Racist incident at Kansas State brings about diversity question at UB

UB’s diversity policy is good, for now


Last week, a Kansas State University student posted a Snapchat of herself and a friend in a dark facial mask with the caption, “Feels good to finally be a n****.”

The university expelled the students, which resulted in a massive outcry from the Kansas State Black Student Union. The organization petitioned to have the university implement an anti-racism policy, a multicultural student center, need-based scholarships for multicultural students and a “required cultural competency course.” This brought discussions about racism and diversity to open forums in which the school’s diversity was in question.
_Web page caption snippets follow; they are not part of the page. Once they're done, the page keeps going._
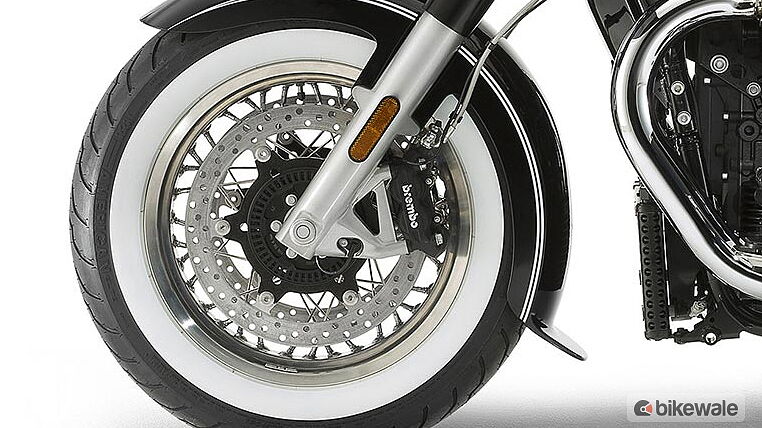 Moto Guzzi Eldorado Front Wheel & Tyre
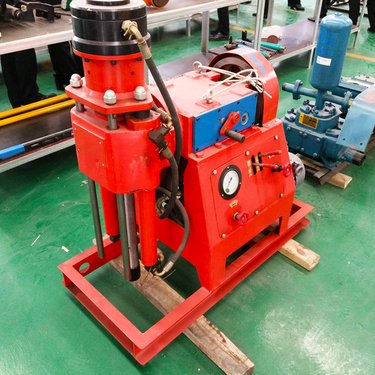 煤矿用全液压坑道钻机ZDY650 井下钻进瓦斯抽(排)放孔 探水钻机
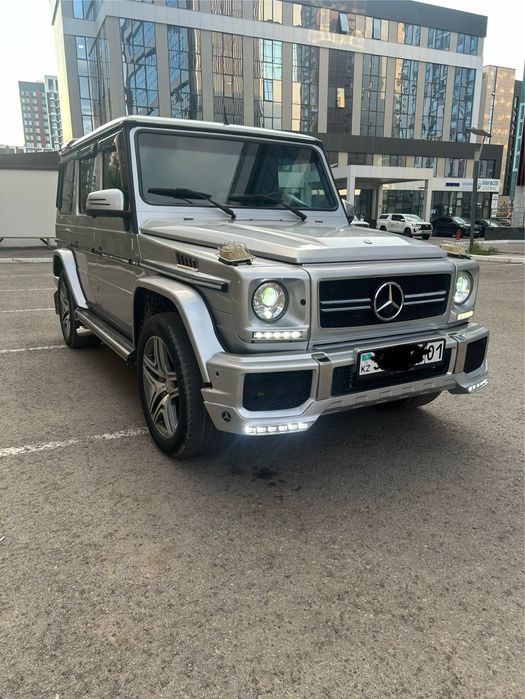 Продом Мерседес w463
This makes us ask – is our campus truly diverse?

UB boasts a 17 percent international student population. There was an 11 percent increase in minority student enrollment this year. What do these numbers mean?

Lee Melvin, vice provost for Enrollment at UB, said UB has a recruitment team specifically responsible for attracting minority students and the team visits high schools to share minority students’ experience.

This statement is extremely vague and we would like to know more specifics on how they attract students, but it does show effort. Unlike Kansas State, UB has a multicultural student center and a new required course on diversity.

The editors at The Spectrum feel that while our campus does have diversity, more can be done to include and engage minority students.

As stated before, UB has its own diversity center – but it’s usually empty.

The diversity center needs to implement more appealing events to attract students to walk into the office. Sometimes they have movie screenings, but it is unlikely students will attend since it isn’t a social or networking opportunity.

It is also rare that students will go to random club meetings or nationality-based SA clubs without a reason, be it free food, a giveaway, or some sort of competition.

As a university, we can do more to not only include minority students, but to get more nonminority students involved in multicultural events.

We do not feel that a specific anti-racism policy is necessary. It is better to handle these situations as they come, the way that the university handled the “White Only” and “Black Only” signs last year. After the incident, the art department created a policy that further defined art and where installations can take place.

Our Black Student Union issued a statement and held an open forum in the wake of the “White Only” and “Black Only” controversy. We worked through it as a school to ensure no one felt uncomfortable.

There is a general anti-discrimination and harassment policy in place right now that includes race, color, ethnicity, religion, gender, disability, sex, age and maternal status. It is a big umbrella in which race falls under, but is not directed specifically at racism. So far, this policy has proven effective and until we see an incident similar to that at Kansas State, there is no need to change it.

The Kansas Black Student Union has expressed that they feel “misunderstood” on campus. UB has faced situations in which racism takes place – it happens all the time – but the university has been able to handle it.

One student’s ignorance led to not only uproar, but action. If we were to see something similar at UB, our university would be forced to take action to protect its students from not just discrimination, but racism. In the meantime, UB should continue to focus on continuing to increase the campus’ diversity and enhancing minority students’ experiences.